§ **Exercise goal**
Leaving pictures out, repeat word for word the line that has "Autocolant Mobilă Aluminizat" and each line that follows it to the end of the listing.

§ **Supplied data**
[Start of Attachment]

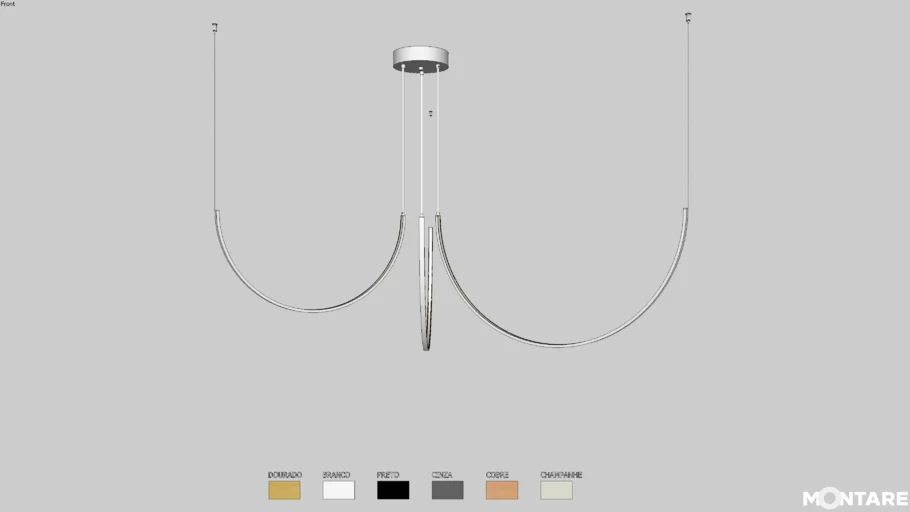 PENDENTE LUNA CONJUNTO - MONTARE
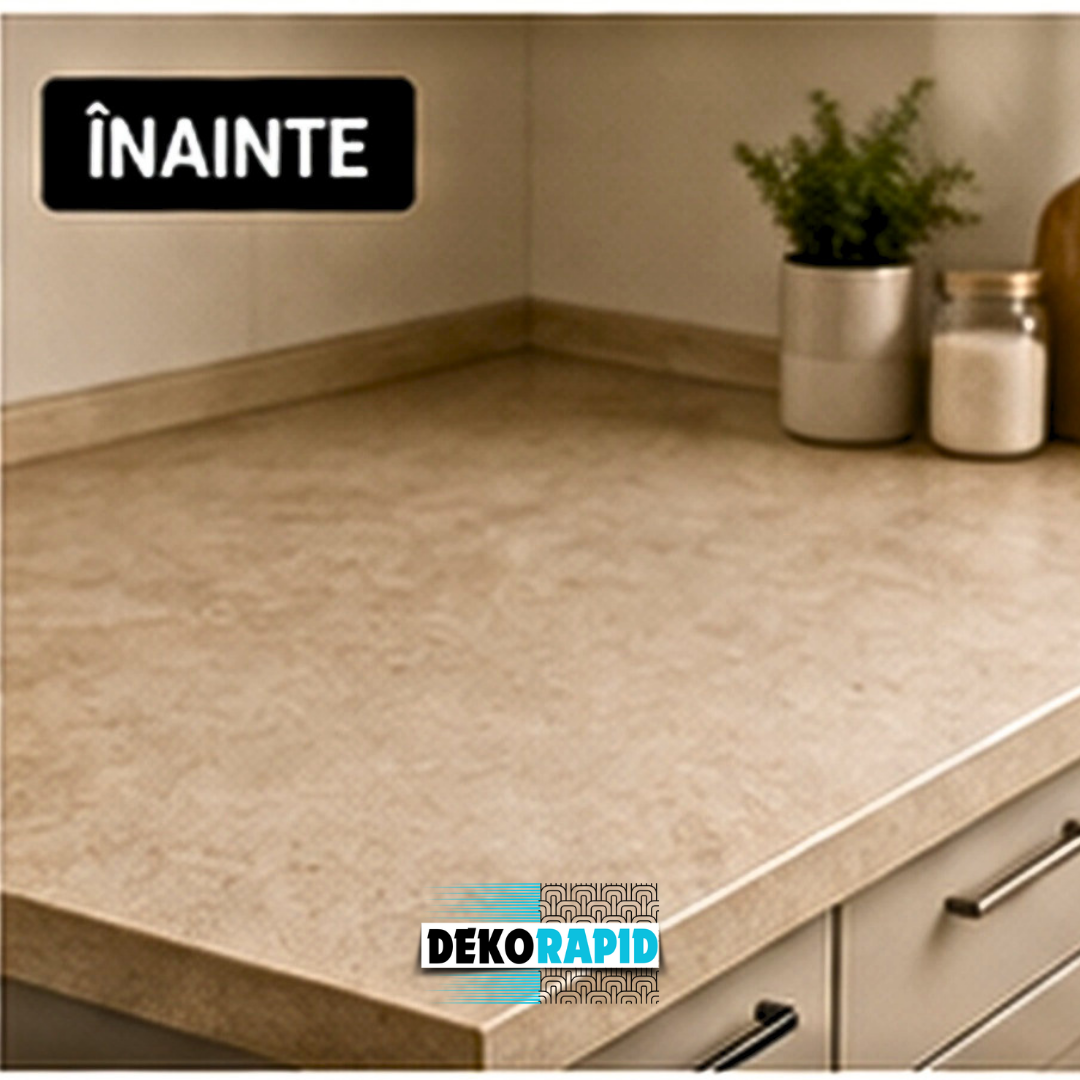 Autocolant Mobilă Aluminizat - 60x300cm (Gri Granit)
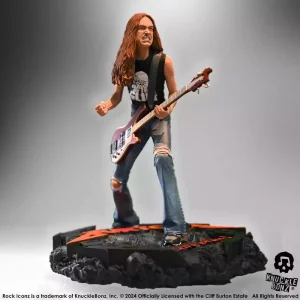 Statua Metallica Cliff Burton - Icona del Rock - 22 cm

[End of Attachment]

§ **Expected output**
 Autocolant Mobilă Aluminizat - 60x300cm (Gri Granit)
 Statua Metallica Cliff Burton - Icona del Rock - 22 cm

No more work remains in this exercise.